Astros owner Drayton McLane makes his annual statement of poverty to the ever-credulous Chron. He claims he's lost $105 million since he bought the team in 1993, and that he projects a cash loss of $5 million this year.

In a word: bull. Like I said, Drayton has made these claims every stinking year. The people of Houston, myself included, voted to pay for a new stadium with all the bells and whistles so that McLane could make ends meet. If he can't make a buck with Enron Astros Minute Maid Field, then I have to wonder how he ever made his fortune in the first place.

McLane's comments are the latest salvo fired by management in recent days. Last week, commissioner Bud Selig said two teams have such severe financial problems that they were in danger of not finishing the season. One team, he said, might not even make its next payroll.

That team, the Detroit Tigers, did pay its players Monday, but Selig insisted the problems he described were real.

Since allowing owners to speak publicly on labor matters, they've come forward to detail their losses and the need for significant changes in the labor agreement.

That's all this is, a salvo in the labor wars. The owners know that a strike is exceedingly unpopular, and they want to force the players' hand. The fact that not a single thing that Beelzebud and his cronies has said about their finances ("two teams can't make payroll! okay, maybe not") has been true doesn't stop them from acting as if they have credibility.

Kevin also takes his shots at McLane.

Meanwhile, the new Cleveland owner is blaming George Steinbrenner for his problems. Look, I'll stipulate that the Yankees have more money than God, and that most other teams can't compete with the Yankees' checkbook. So don't. Don't give big contracts to "proven veterans". Develop young talent and keep them for as long as they're affordable. However unfair the system may be, does it make sense to compete where you can't fight? Again, I'm struck with how often the complaints of the owners boil down to statements about their own lack of business acumen.
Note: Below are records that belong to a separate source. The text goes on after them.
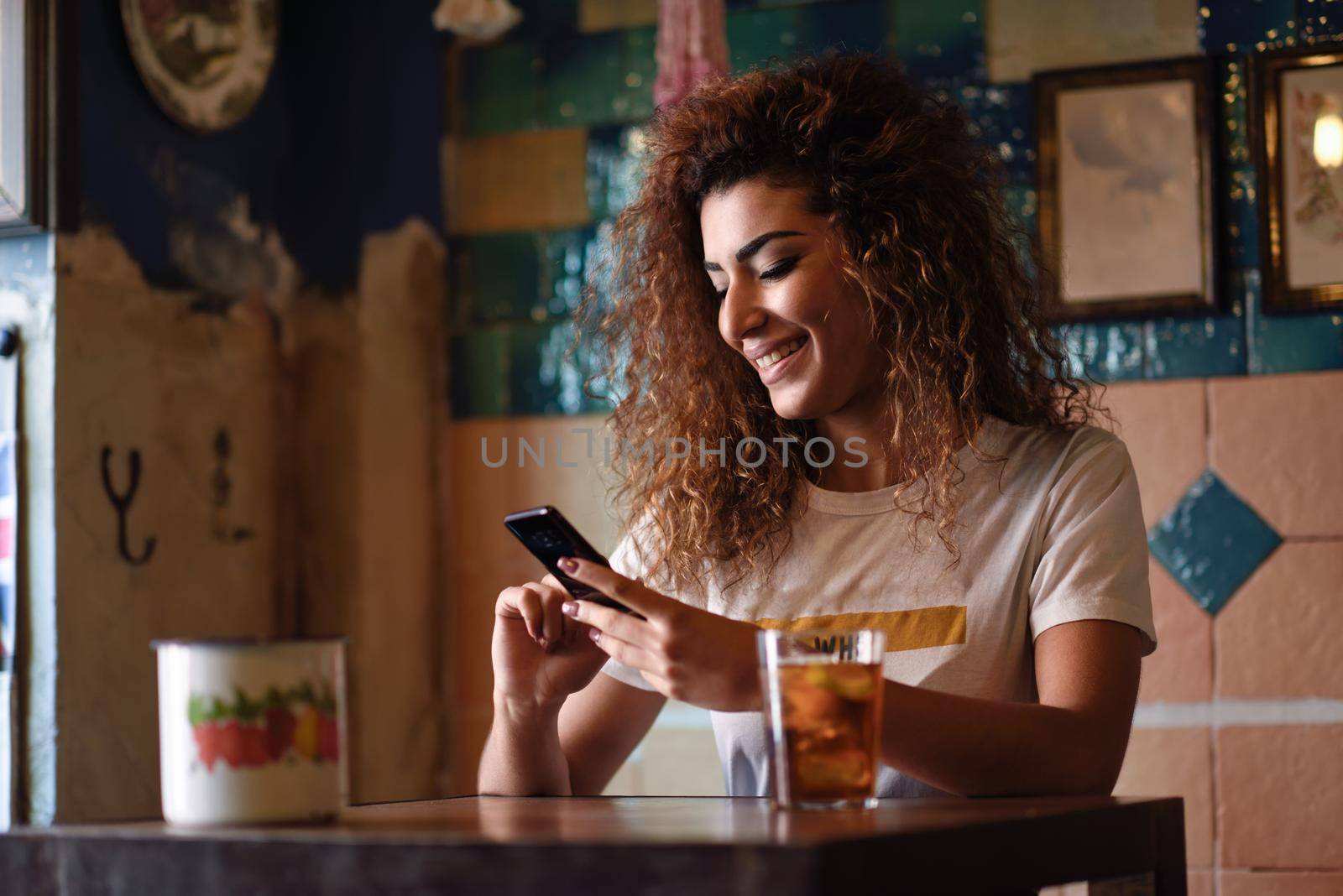 Young arabic woman with black curly hairstyle sitting in a beautiful bar with vintage decoration. Arab girl in casual clothes drinking a soda and looking at her smart phone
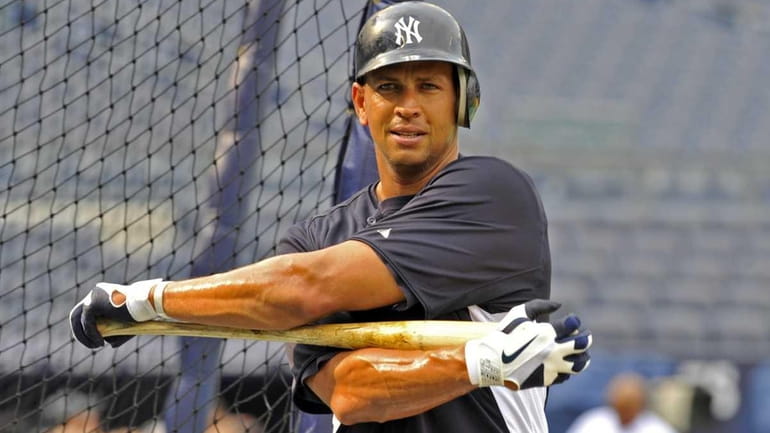 Alex Rodriguez stretches out his upper body around the batting...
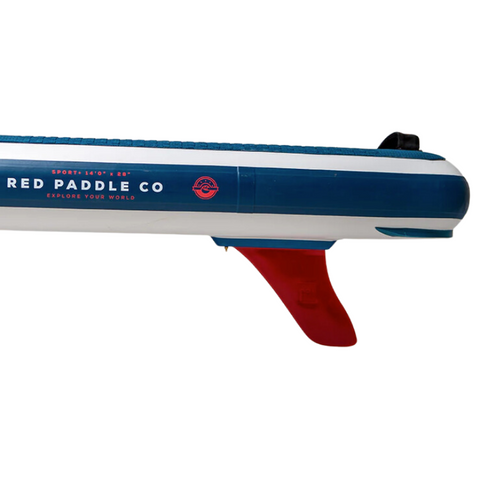 Side view of the tail section of a blue and white paddleboard with a fitted red fin. The board is white and blue and carries brand lettering  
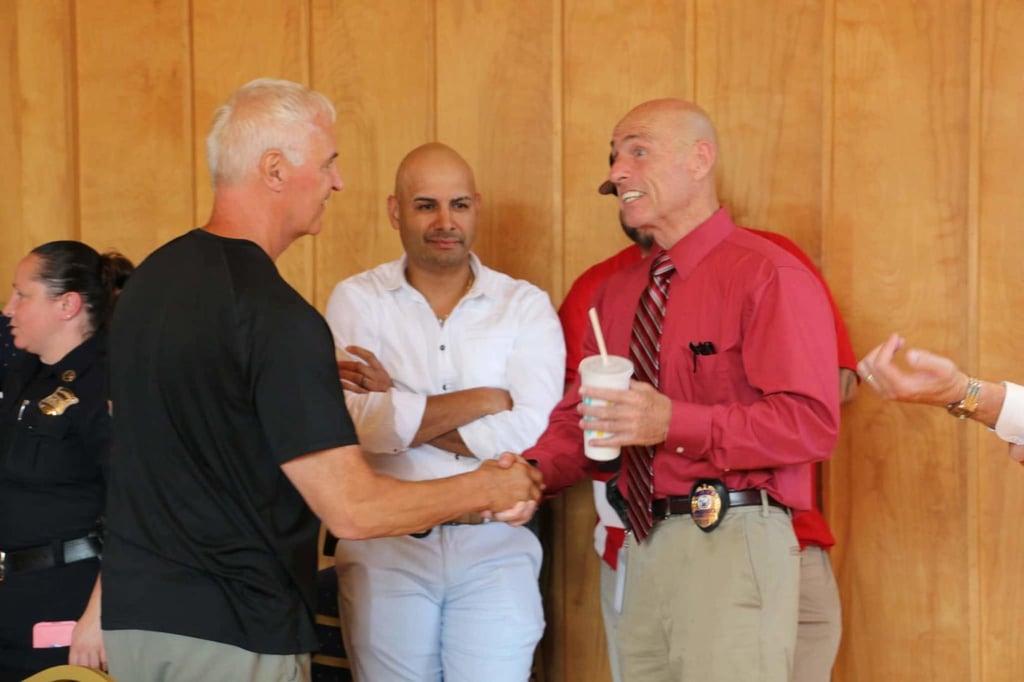 Lt. Korn being congratulated by officers.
I guess the reason why I don't understand people who get angry with the players for their salaries and willingness to strike is that the alternate choice is to side with a bunch of even richer guys who are fundamentally dishonest. The owners have never told the truth about their finances, their every move is calculated at shifting their costs to players and fans, they threaten to relocate if they public doesn't buy them new stadia - this is who I'm supposed to root for?

I know what it means to be a fan of major league baseball. I put up with the crap because I love the game. The game is bigger than any owner or player or labor dispute. I go to Rice games when I can, I sometimes travel with my dad and uncles to see minor league games, and someday I'll coach Little League for my kids, because it reminds me that the game is more than just what you see on ESPN. It's possible that arrogance and stupidity may someday kill Major League Baseball as we know it, but the game and the love it engenders will live forever.